Happiness After Sadness

By Alicy Munde

I was born and raised in Malawi but I had no memory of my mother’s presence, of her smell, her voice. My father impregnated her but never married her. My mother lost her mind but she never thought of getting rid of me even if she was not thinking straight due to being disappointed by my father.

Life wasn’t easy for my mother after I was born. When I was 2 years old, she left me with my grandmother and went to South Africa. She had never been there before, but friends who lived there told her life is not as tough, and jobs were easy to find. She cried a lot the day she took the bus to South Africa. She told my grandmother not to tell me where she was. She said she wanted to apologize in person, and explain why she had taken such a tough decision when she returned.

Growing up with my grandmother was the best experience to me. I was loved so much that I could even forget that another woman gave birth to me. My grandmother made sure I got whatever I wanted. If cried for ice-cream, she’d get ice-cream. If I wanted new clothes, she bought me new clothes.

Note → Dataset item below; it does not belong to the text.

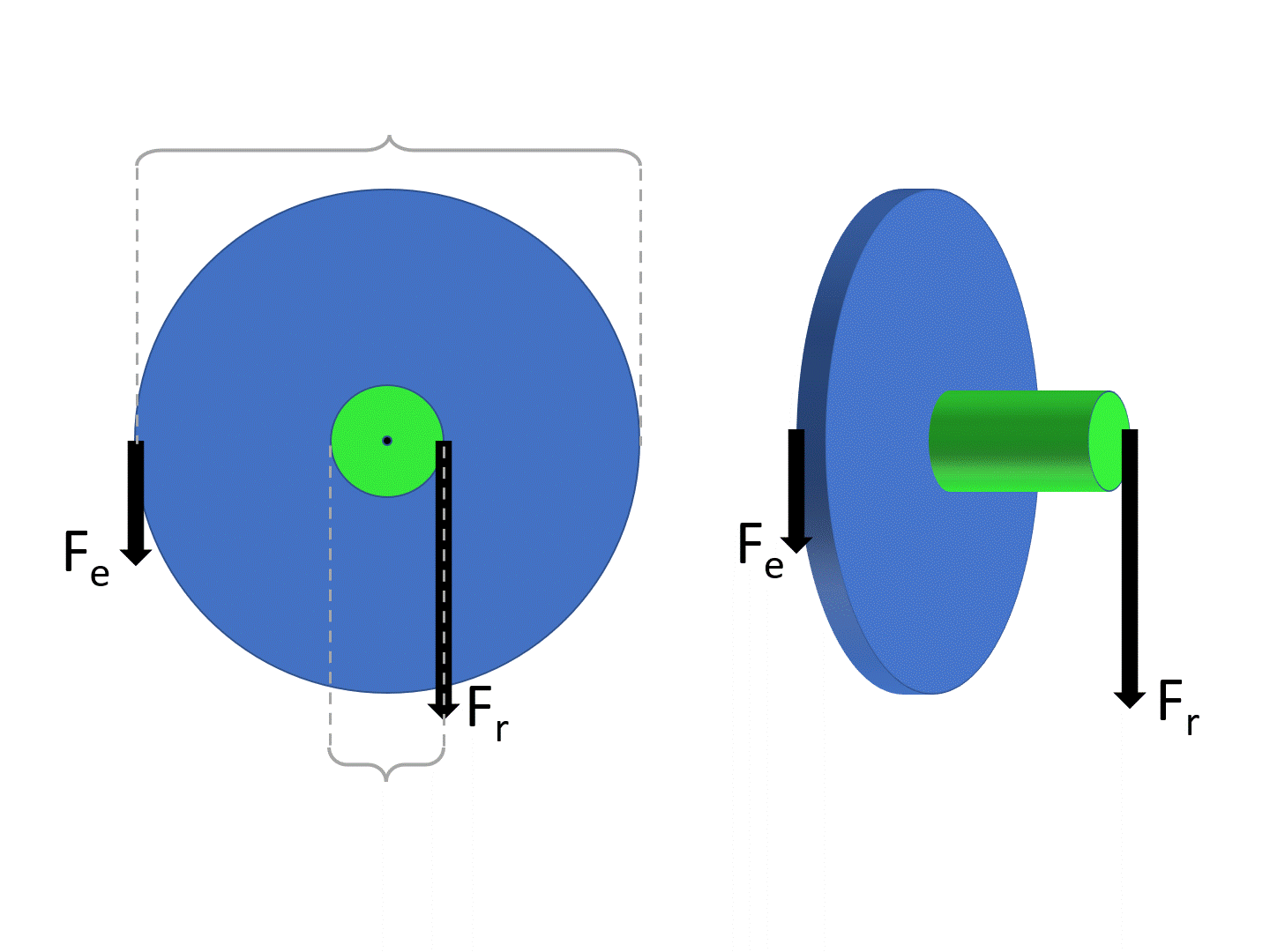 Simple Machines Wheel And Axle Practice Questions IMA And AMA
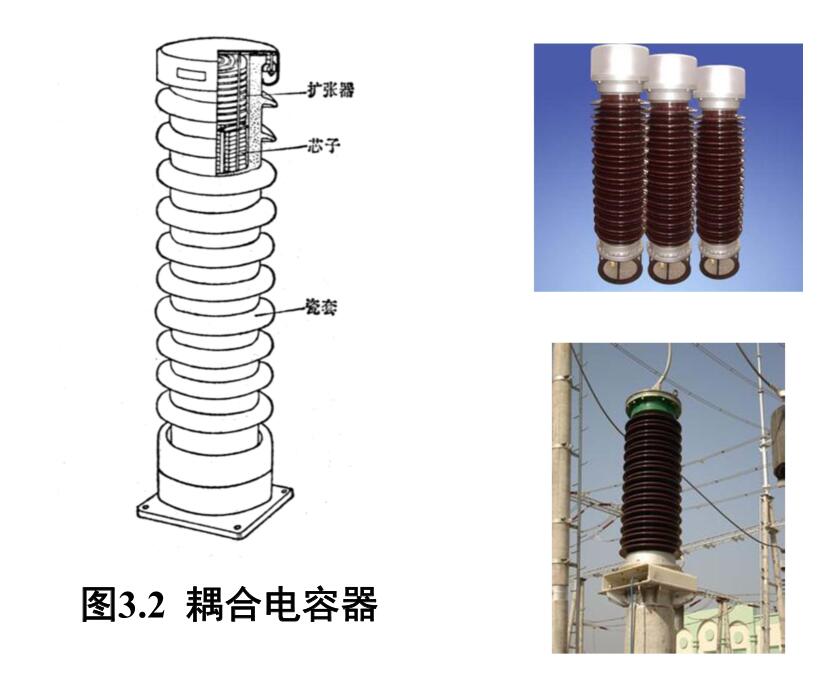 圖3.2 耦合電容器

For all the things that my grandmother was doing for me, I was calling her mother instead of grandmother. She sometimes smiles if I called her mother. One day I asked, “Why are you smiling?” “There is nothing my daughter, I am just happy to have you,” she said.

When I turned 15, my grandmother called me. It was a Saturday morning and I was washing plates. “I want to tell you something that I always wanted you to know and I believe that you are now mature enough to hear it.” “Go on granny,” I said. She told me my mother was alive.

I grew up thinking of my grandmother as a mother. Whenever I asked where my mother was, she said she didn’t know. I will never forget the evening when a strange woman showed up at our house, asking me where my grandmother was. I was shocked since there was no way a stranger would come straight to me and ask me where my grandmother was. I ran inside and called for her.

When my grandmother came out, she shed tears of joy and hugged the stranger. I was so shocked. My grandmother welcomed her inside and gave her a seat. I was surprised the woman I didn’t know started crying after I entered in house. My grandmother told me that it’s time I meet my biological mother. Crying, my mother said that I looked like my father. She couldn’t hold her tears because she felt bad, she never had the chance to share her love to me. I went straight to her, and we hugged for five good minutes, crying tears of joy.

“Mom, this is something I always wanted and I can never allow you to leave me again, I have to enjoy the life with my mother too,” I told my mom. It was surprising and shocking to have her back in my life. “That is why I am here my daughter,” she said. “I came to make it up to you and came here to stay.” I was filled with joy after hearing this. Six years have passed since that moment, and I am enjoying every moment I spend with her.